SHGs – lend a crucial helping hand
Besides, running community kitchens, the SHGs under Mission Shakti have come forward to stitch cotton masks to cater to the surge in demand. Over 1006 SHGs have stitched over 22 lakhs face masks so far. Over 600 SHGs under Mission Shakti have registered to run dry ration and vegetable shops and 147 mobile shops in various districts of the state.

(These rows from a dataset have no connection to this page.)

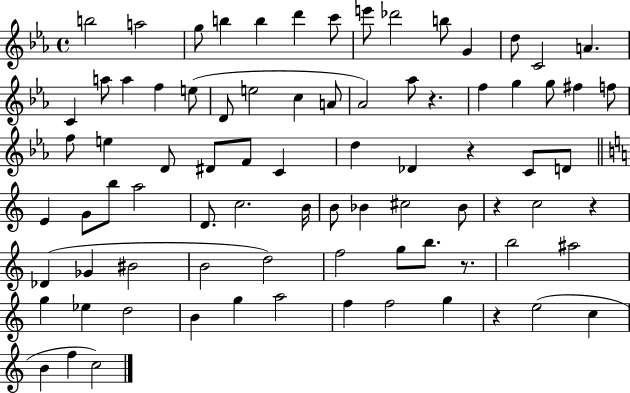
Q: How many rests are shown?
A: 6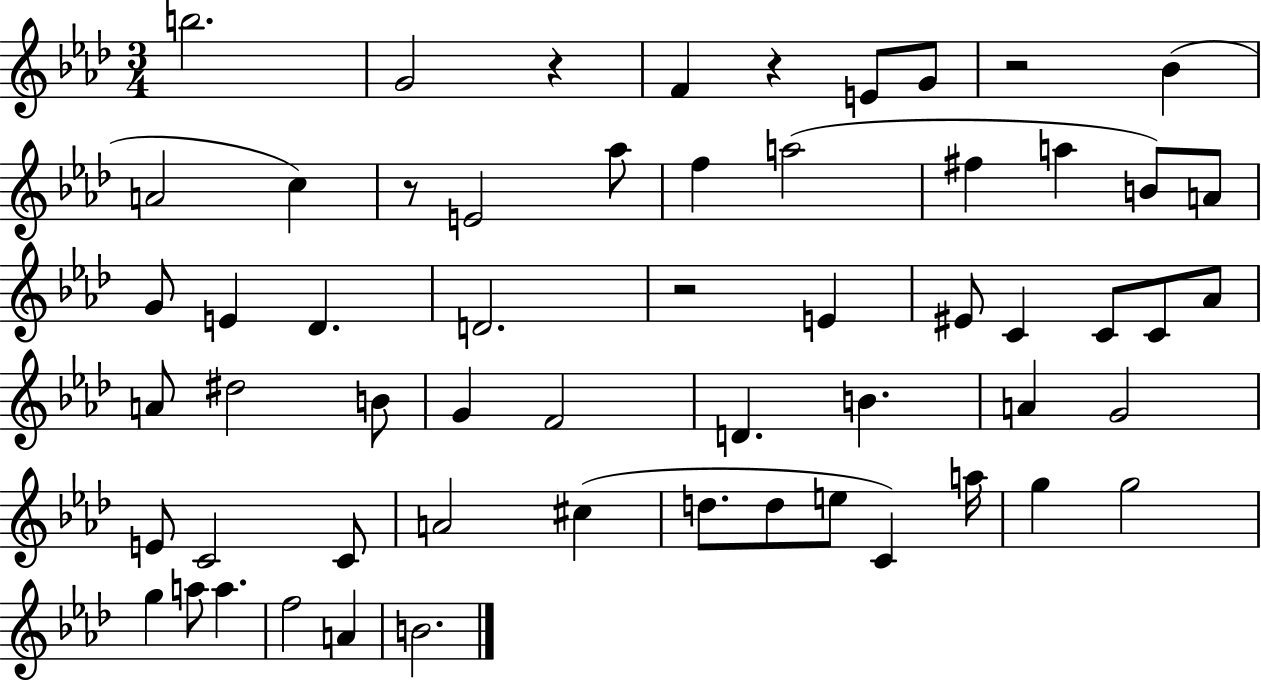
{
  \clef treble
  \numericTimeSignature
  \time 3/4
  \key aes \major
  b''2. | g'2 r4 | f'4 r4 e'8 g'8 | r2 bes'4( | \break a'2 c''4) | r8 e'2 aes''8 | f''4 a''2( | fis''4 a''4 b'8) a'8 | \break g'8 e'4 des'4. | d'2. | r2 e'4 | eis'8 c'4 c'8 c'8 aes'8 | \break a'8 dis''2 b'8 | g'4 f'2 | d'4. b'4. | a'4 g'2 | \break e'8 c'2 c'8 | a'2 cis''4( | d''8. d''8 e''8 c'4) a''16 | g''4 g''2 | \break g''4 a''8 a''4. | f''2 a'4 | b'2. | \bar "|."
}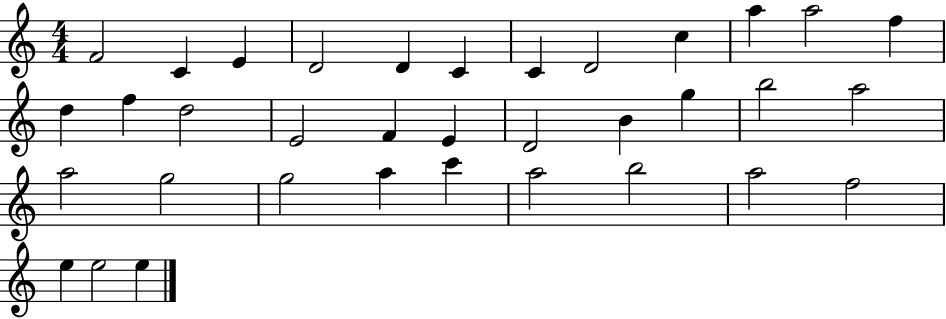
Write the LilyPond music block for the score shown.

{
  \clef treble
  \numericTimeSignature
  \time 4/4
  \key c \major
  f'2 c'4 e'4 | d'2 d'4 c'4 | c'4 d'2 c''4 | a''4 a''2 f''4 | \break d''4 f''4 d''2 | e'2 f'4 e'4 | d'2 b'4 g''4 | b''2 a''2 | \break a''2 g''2 | g''2 a''4 c'''4 | a''2 b''2 | a''2 f''2 | \break e''4 e''2 e''4 | \bar "|."
}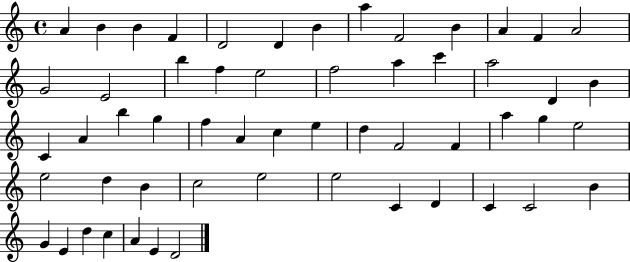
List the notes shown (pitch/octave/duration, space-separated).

A4/q B4/q B4/q F4/q D4/h D4/q B4/q A5/q F4/h B4/q A4/q F4/q A4/h G4/h E4/h B5/q F5/q E5/h F5/h A5/q C6/q A5/h D4/q B4/q C4/q A4/q B5/q G5/q F5/q A4/q C5/q E5/q D5/q F4/h F4/q A5/q G5/q E5/h E5/h D5/q B4/q C5/h E5/h E5/h C4/q D4/q C4/q C4/h B4/q G4/q E4/q D5/q C5/q A4/q E4/q D4/h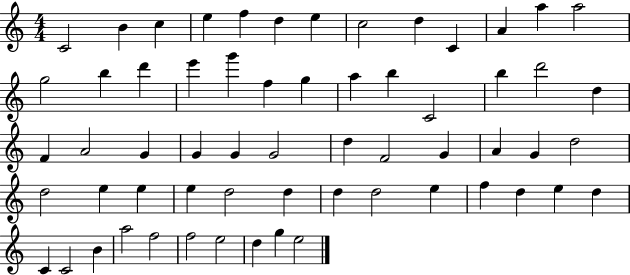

Home delivery of MDM (Mid Day Meal) ration and IFA (Iron Folic Acid tablets) for school children
With the closure of schools, the government has decided to provide Mid Day Meal (MDM) dry ration for 90 days at one go through Fair Price Shops/PDS outlets to all students. Each primary school student has been provided 3Kg of rice per month and each Upper Primary child has been given 4.5 Kg of rice per month. This is in addition to a child’s entitlement under TPDS/SFSS (Targeted Public Distribution System/State Food Security Scheme).
With support from UNICEF, the Health & Family Welfare Department and School & Mass Education Department directions have been issued for home distribution of IFA tablets for school students by the school teachers for weekly consumption.
AWW and AWH continue to provide services through Social Distancing
Efforts are being made to provide continued services to the community even during the period of lock down, so that no compromises are made on the health or nutrition front. Front line functionaries such as Anganwadi workers (AWW) and Anganwadi helper (AWH) wear a mask, follow social distance, hand hygiene practices and respiratory hygiene while on duty. Routine Immunization sessions have continued and AWW, ASHA & ANM move from door-to-door to provide ANC services and nutritional counseling.
Trainings and Capacity Building
The state government supported by UNICEF has initiated online video training programmes for all front line workers (AWW, ANM, ASHA). Where ever online training was not possible, physical training was organized at the sector level while ensuring social distancing norms were followed.
The front line workers have been oriented on COVID-19, its symptoms, social distancing, hand-hygiene measures, respiratory hygiene, care of senior citizens, nutrition during COVID-19, breast feeding practices and care for malnourished children. This added capacity is expected to help them to serve people better.
Similar trainings were organized for Odisha Livelihood Mission (OLM) staff members, NGO partners and Tribal Cooperative Marketing Development Federation of India Limited (TRIFED) functionaries on ‘COVID-19 and adaptation of healthy behaviors related to health, nutrition and hygiene’ through online platforms.
Important topics like Infant and Young Child Feeding (IYCF); Management of SAM (Severe Acute Malnutrition); Healthy eating and Village Health, Sanitation and Nutrition Day; Adolescent Health and Nutrition; Parenting and Psychological Care were covered.
With UNICEF’s support, an online training was also provided for Nutrition Rehabilitation Center (NRC) functionaries and medical officers (pediatricians) engaged at NRCs on ensuring adequate nutrition for children with severe and acute malnutrition during the COVID 19 period. They were also oriented on handling the influx of SAM cases at NRCs once restriction on movements is lifted.
With the routine reporting system (MIS) at village level getting affected during the lock down, a real-time online data collection and compilation platform has been developed by UNICEF to obtain information from independent sources like NGO partners. The results are analyzed daily and shared with the appropriate authority for taking corrective action.